## Your goal
Go to the line below containing "thumbnail image 3" and print exactly from there through the line containing "Cancer Stars Foto", both included. Print nothing else.

(Stored data)

○ ○ ○ ○ ○ ○ ○

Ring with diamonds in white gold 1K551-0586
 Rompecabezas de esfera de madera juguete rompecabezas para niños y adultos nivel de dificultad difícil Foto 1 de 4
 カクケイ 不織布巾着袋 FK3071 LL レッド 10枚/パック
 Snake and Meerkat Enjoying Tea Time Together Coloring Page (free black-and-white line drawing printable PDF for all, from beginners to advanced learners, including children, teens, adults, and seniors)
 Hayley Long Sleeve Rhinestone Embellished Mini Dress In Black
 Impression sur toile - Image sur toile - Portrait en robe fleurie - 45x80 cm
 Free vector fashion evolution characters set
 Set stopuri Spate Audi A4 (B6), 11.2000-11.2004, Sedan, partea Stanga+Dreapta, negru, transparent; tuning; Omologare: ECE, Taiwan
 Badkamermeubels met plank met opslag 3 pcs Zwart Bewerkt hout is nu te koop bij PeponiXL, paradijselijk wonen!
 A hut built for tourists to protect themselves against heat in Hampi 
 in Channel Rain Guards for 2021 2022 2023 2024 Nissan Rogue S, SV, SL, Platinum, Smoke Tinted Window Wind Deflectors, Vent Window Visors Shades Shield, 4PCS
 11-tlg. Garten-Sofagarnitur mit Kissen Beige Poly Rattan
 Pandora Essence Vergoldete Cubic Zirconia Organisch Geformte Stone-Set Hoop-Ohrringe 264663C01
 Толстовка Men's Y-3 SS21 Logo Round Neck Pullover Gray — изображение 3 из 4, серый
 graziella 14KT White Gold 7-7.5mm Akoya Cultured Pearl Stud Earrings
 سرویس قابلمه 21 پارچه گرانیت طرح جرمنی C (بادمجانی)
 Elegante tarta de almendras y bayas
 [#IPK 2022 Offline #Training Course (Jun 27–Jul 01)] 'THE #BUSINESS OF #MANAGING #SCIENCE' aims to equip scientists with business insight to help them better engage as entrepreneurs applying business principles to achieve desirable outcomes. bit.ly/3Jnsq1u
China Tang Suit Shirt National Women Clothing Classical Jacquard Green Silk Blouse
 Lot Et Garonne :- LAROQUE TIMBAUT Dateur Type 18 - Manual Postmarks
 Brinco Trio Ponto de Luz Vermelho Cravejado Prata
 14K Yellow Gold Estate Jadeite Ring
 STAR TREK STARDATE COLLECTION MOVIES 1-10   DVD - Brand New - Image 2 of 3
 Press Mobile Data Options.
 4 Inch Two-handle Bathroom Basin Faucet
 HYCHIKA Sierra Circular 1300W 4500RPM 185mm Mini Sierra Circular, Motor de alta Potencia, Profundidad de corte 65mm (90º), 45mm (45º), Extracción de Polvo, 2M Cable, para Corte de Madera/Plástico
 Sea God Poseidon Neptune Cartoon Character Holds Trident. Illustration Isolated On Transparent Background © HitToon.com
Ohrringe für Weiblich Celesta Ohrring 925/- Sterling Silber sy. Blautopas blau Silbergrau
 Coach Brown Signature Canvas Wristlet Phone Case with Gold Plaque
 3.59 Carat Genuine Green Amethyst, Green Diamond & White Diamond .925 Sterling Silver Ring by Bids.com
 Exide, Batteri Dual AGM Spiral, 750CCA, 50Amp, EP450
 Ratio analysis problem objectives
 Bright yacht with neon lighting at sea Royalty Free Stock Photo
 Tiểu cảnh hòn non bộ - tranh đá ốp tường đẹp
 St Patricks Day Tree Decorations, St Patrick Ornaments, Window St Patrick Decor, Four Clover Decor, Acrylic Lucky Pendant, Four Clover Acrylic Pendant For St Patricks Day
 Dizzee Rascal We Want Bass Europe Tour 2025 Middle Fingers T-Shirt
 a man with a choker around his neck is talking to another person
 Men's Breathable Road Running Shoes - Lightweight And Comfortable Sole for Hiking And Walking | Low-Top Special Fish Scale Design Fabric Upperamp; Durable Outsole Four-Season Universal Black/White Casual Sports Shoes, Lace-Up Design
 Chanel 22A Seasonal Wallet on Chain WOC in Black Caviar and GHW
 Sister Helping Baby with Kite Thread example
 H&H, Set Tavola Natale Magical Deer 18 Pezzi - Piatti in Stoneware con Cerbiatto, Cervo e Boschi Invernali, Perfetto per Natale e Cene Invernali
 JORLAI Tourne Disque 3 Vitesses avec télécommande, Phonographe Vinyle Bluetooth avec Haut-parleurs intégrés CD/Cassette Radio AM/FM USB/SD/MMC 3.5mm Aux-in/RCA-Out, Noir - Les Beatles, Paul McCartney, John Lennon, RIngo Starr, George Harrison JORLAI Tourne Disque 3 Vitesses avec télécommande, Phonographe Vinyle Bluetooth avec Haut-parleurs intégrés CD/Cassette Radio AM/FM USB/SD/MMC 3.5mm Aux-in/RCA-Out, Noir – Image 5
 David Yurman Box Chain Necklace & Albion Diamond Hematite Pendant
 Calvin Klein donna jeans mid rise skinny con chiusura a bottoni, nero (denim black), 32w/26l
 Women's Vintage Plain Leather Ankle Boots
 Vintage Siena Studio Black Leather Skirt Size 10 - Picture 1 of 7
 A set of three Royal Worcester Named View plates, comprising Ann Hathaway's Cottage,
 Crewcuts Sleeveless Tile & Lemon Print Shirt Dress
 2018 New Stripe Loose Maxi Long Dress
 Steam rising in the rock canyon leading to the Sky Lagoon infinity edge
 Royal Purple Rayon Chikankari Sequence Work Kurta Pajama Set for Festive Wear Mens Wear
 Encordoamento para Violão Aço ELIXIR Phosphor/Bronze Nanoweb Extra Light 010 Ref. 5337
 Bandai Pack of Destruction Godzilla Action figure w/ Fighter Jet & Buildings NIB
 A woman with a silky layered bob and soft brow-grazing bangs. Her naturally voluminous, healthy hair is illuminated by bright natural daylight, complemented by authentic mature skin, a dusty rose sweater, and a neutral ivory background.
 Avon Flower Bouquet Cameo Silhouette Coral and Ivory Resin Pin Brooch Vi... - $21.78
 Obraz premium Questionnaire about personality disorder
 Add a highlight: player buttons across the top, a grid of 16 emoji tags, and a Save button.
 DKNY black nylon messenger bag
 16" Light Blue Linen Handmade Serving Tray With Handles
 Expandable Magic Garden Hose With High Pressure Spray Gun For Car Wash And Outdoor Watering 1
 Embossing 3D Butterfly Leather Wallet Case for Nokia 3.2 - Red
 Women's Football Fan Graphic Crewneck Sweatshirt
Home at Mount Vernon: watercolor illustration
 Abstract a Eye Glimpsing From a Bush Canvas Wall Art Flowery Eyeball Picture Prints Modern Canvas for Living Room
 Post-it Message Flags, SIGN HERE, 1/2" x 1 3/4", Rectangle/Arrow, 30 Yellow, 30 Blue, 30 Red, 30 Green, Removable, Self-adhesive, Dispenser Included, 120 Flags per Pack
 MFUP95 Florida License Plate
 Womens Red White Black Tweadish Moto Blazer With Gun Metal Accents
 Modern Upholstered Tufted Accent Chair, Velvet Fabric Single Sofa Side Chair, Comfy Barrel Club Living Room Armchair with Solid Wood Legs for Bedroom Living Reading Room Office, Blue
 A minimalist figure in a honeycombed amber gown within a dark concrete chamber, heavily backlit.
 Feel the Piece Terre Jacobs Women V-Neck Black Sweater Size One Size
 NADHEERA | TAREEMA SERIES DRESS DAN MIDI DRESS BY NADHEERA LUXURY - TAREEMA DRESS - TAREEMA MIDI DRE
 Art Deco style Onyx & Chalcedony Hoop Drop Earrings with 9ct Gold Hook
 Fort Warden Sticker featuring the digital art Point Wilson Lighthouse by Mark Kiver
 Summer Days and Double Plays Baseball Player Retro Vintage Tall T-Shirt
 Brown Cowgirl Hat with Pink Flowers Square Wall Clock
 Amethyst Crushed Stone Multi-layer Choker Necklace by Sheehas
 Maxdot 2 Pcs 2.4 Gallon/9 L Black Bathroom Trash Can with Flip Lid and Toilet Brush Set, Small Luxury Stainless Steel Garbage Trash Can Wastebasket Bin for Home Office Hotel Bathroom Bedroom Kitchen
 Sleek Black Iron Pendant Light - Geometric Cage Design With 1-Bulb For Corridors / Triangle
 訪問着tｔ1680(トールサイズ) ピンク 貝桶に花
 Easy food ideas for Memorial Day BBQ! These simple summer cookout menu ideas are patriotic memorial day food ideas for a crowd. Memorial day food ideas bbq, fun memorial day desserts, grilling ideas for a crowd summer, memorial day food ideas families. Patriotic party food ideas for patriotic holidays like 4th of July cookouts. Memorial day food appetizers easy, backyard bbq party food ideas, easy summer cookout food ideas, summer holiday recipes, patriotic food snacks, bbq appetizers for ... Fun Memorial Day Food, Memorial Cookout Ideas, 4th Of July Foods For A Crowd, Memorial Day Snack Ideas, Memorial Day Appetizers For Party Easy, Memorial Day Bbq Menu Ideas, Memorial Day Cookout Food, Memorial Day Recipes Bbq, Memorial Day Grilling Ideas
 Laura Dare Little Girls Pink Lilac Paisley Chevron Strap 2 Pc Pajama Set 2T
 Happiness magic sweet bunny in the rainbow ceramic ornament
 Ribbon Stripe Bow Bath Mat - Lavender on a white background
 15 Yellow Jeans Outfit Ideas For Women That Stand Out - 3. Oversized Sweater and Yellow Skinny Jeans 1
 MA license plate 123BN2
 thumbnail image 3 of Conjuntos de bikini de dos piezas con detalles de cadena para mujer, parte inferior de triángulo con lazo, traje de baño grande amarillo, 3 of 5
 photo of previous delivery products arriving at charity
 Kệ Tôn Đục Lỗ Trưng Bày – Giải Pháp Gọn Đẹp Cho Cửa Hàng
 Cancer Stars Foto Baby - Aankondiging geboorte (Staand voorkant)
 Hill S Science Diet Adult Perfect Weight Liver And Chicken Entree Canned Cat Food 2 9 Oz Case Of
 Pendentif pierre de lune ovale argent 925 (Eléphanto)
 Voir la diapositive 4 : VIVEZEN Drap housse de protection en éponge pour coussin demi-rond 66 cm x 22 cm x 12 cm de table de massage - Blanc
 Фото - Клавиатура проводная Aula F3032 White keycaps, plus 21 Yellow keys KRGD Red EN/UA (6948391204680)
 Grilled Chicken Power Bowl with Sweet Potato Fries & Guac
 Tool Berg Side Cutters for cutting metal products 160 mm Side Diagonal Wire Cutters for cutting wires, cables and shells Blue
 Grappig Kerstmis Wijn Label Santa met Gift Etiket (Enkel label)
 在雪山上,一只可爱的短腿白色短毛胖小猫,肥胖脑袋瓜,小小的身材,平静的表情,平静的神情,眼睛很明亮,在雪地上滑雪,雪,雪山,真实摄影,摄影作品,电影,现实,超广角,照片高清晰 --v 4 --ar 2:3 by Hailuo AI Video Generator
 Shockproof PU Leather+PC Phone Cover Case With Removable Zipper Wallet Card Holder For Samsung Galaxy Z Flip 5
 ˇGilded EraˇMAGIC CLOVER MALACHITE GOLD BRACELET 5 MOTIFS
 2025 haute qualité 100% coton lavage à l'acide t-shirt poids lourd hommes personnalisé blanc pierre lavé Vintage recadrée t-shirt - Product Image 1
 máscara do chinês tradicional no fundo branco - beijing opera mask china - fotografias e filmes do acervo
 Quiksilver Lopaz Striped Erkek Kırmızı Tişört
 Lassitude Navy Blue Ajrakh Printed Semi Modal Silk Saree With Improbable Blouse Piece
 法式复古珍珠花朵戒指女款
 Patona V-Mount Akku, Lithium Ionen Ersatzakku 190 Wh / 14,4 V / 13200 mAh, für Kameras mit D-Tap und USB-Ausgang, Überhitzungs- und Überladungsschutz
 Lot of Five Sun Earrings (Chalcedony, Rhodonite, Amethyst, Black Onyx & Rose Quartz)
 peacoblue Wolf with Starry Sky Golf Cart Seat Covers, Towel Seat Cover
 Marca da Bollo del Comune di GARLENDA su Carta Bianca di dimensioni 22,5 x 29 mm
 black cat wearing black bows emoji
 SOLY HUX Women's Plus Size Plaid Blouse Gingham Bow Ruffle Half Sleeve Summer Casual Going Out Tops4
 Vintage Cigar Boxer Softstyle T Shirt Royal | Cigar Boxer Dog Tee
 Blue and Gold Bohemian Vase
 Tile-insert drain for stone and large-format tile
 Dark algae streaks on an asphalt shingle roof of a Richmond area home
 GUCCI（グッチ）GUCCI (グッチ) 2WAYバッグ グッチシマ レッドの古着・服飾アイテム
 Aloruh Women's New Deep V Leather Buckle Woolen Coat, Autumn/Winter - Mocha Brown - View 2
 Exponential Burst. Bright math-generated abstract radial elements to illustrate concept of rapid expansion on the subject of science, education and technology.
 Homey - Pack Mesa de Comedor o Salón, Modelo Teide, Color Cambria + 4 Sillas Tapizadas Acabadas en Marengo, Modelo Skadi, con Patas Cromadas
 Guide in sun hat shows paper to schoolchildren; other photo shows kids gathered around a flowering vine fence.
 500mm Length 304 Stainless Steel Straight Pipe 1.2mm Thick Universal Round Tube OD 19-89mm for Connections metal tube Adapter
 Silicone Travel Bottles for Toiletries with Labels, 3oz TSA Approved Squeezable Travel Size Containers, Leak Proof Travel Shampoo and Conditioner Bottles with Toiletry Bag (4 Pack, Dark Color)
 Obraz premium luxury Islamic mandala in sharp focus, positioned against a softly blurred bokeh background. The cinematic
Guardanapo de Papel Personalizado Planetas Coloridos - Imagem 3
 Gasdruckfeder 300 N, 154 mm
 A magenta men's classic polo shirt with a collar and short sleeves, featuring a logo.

○ ○ ○ ○ ○ ○ ○

## Response to this exercise
 thumbnail image 3 of Conjuntos de bikini de dos piezas con detalles de cadena para mujer, parte inferior de triángulo con lazo, traje de baño grande amarillo, 3 of 5
 photo of previous delivery products arriving at charity
 Kệ Tôn Đục Lỗ Trưng Bày – Giải Pháp Gọn Đẹp Cho Cửa Hàng
 Cancer Stars Foto Baby - Aankondiging geboorte (Staand voorkant)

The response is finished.